Словно стремясь поскорее удалиться от этого невеселого места, Гаэтано пустил лошадей галопом. На улицах уже не было ни души. Несколько минут спустя они въехали во двор небольшого особняка. За крышей виднелись кроны деревьев – там был сад.

– Вот мы и приехали. Будьте здесь как дома, живите, сколько хотите, – сказала Фелисия.

– А вы уверены, что я вас не стесню? Не хочется быть для кого-то обузой. Да и опасно иметь со мной дело. Я ведь в неважных отношениях со двором.

– Тем вы мне интереснее, милое дитя. Добро пожаловать. Кстати, сбежать вам уже не удастся. Ведь наш дорогой Сан-Северо должен завтра сюда кое-что принести.

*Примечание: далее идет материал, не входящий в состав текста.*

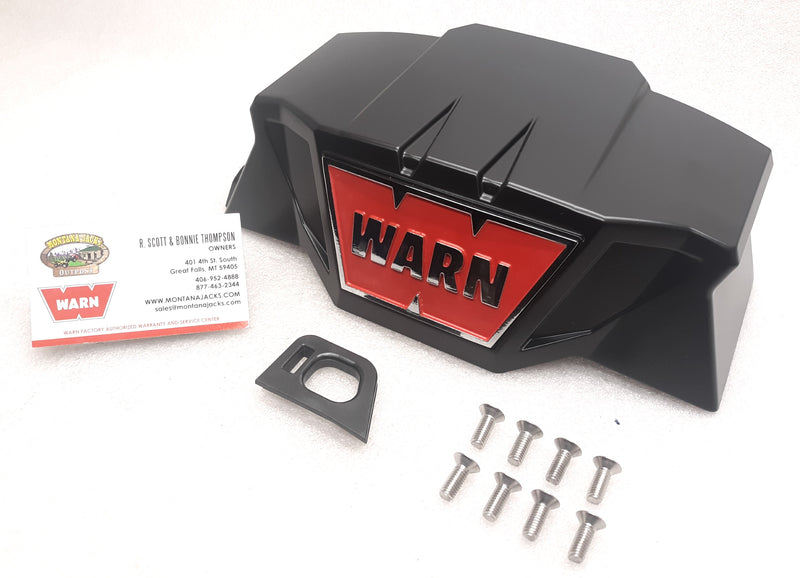 WARN 93331 Control Pack Cover for ZEON Platinum Winch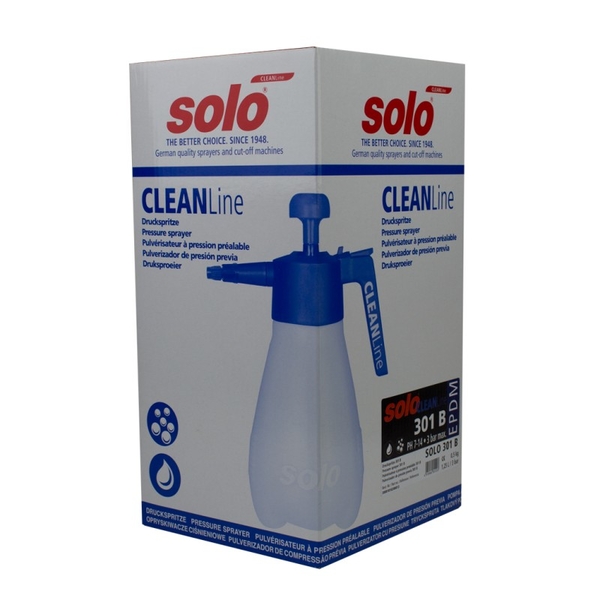 Ručný tlakový postrekovač SOLO 301 B CLEANLine 2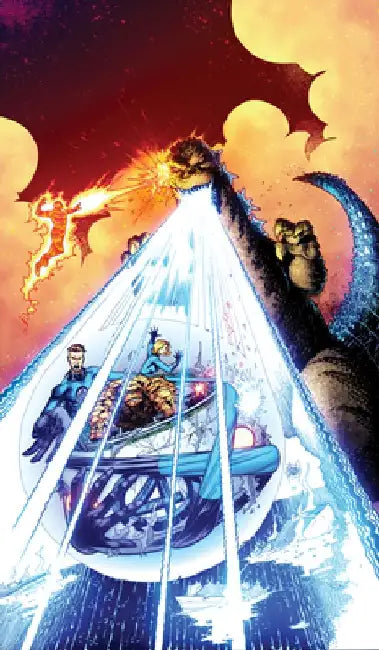 Godzilla vs. the Marvel Universe 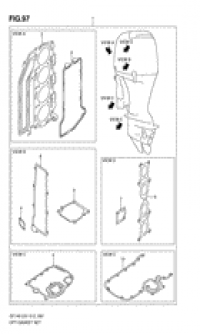 Gasket set ( )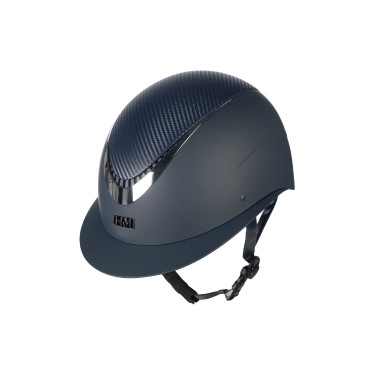HKM Alarion Helm Marine / zilverkleurig Blauw HKM Alarion Helm Marine / zilverkleurig Blauw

– Да, деньги. Мне кажется, он не хотел, чтобы я ехала в банк отца. Но, пожалуй, воздержимся от слишком поспешных суждений. Увы, есть у меня такой недостаток…

– Когда имеешь дело с Сан-Северо, предусмотрительность не помешает. Несмотря на всю свою родовитость и связи в высших сферах, доверия, будь я на вашем месте, он бы у меня не вызвал. Но пойдемте в дом! Успеем поговорить и завтра…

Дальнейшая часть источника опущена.